#### Task goal:
The task calls for each record to be given again unchanged, minus any pictures.

[Web page caption snippets]
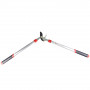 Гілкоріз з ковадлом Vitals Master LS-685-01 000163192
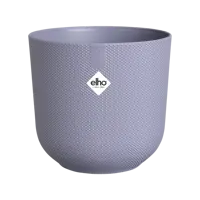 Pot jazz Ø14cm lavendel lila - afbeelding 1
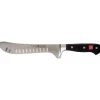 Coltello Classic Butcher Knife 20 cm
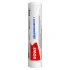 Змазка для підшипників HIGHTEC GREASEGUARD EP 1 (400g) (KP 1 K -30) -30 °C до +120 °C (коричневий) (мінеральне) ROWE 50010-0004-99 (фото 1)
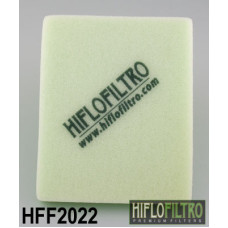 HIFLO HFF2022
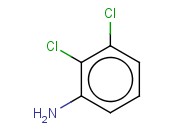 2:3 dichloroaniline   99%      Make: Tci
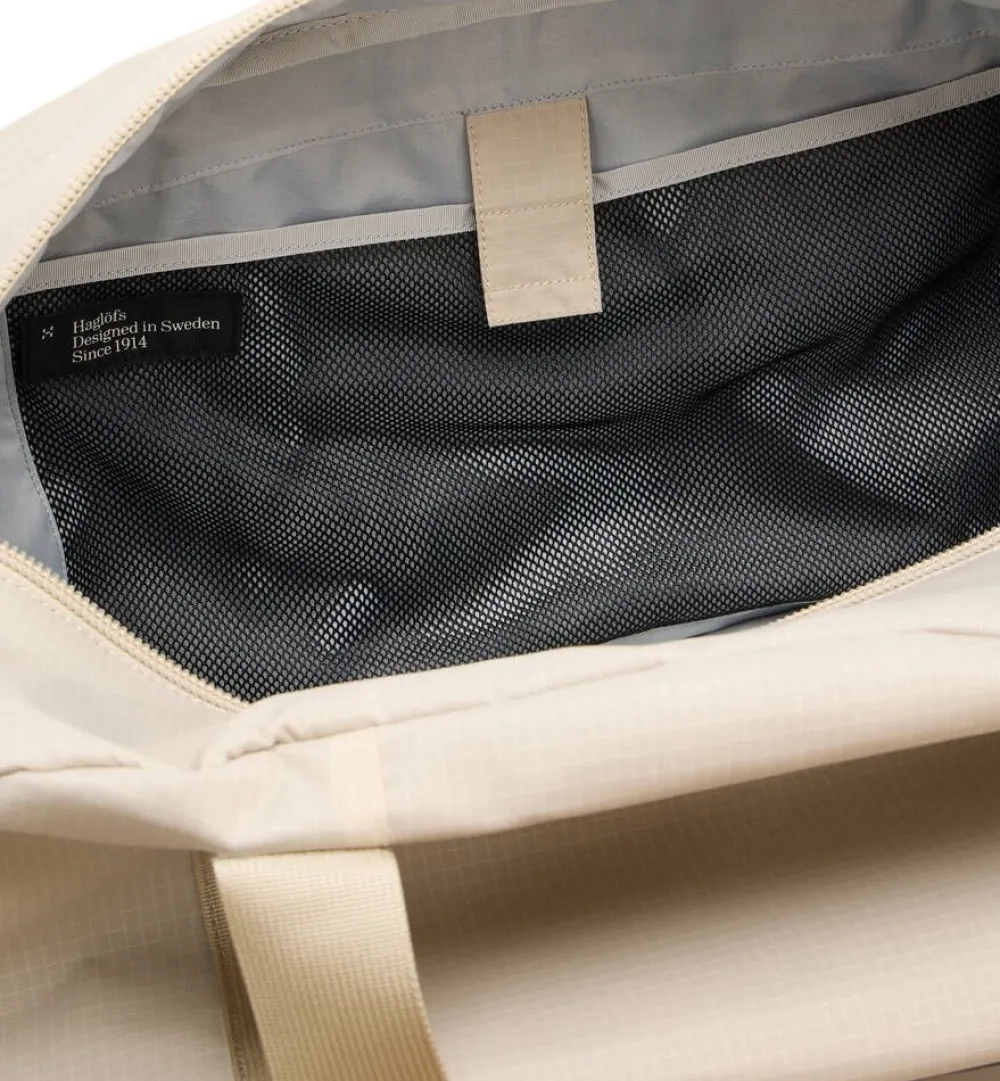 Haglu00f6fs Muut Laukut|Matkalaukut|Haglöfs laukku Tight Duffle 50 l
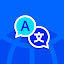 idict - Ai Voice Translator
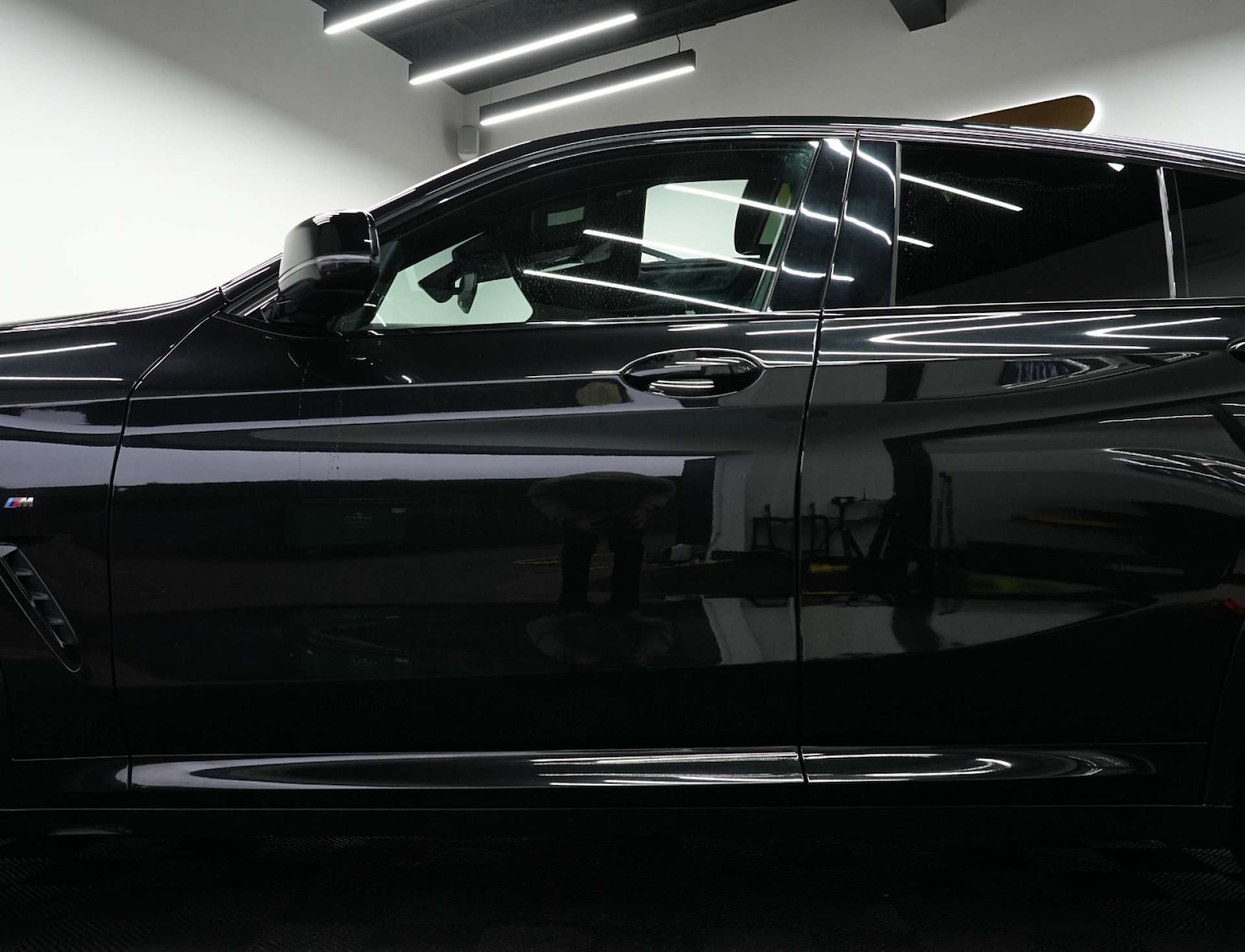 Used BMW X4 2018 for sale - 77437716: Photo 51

#### Answer space:
 Гілкоріз з ковадлом Vitals Master LS-685-01 000163192
 Pot jazz Ø14cm lavendel lila - afbeelding 1
 Coltello Classic Butcher Knife 20 cm
 Змазка для підшипників HIGHTEC GREASEGUARD EP 1 (400g) (KP 1 K -30) -30 °C до +120 °C (коричневий) (мінеральне) ROWE 50010-0004-99 (фото 1)
 HIFLO HFF2022
 2:3 dichloroaniline   99%      Make: Tci
 Haglu00f6fs Muut Laukut|Matkalaukut|Haglöfs laukku Tight Duffle 50 l
 idict - Ai Voice Translator
 Used BMW X4 2018 for sale - 77437716: Photo 51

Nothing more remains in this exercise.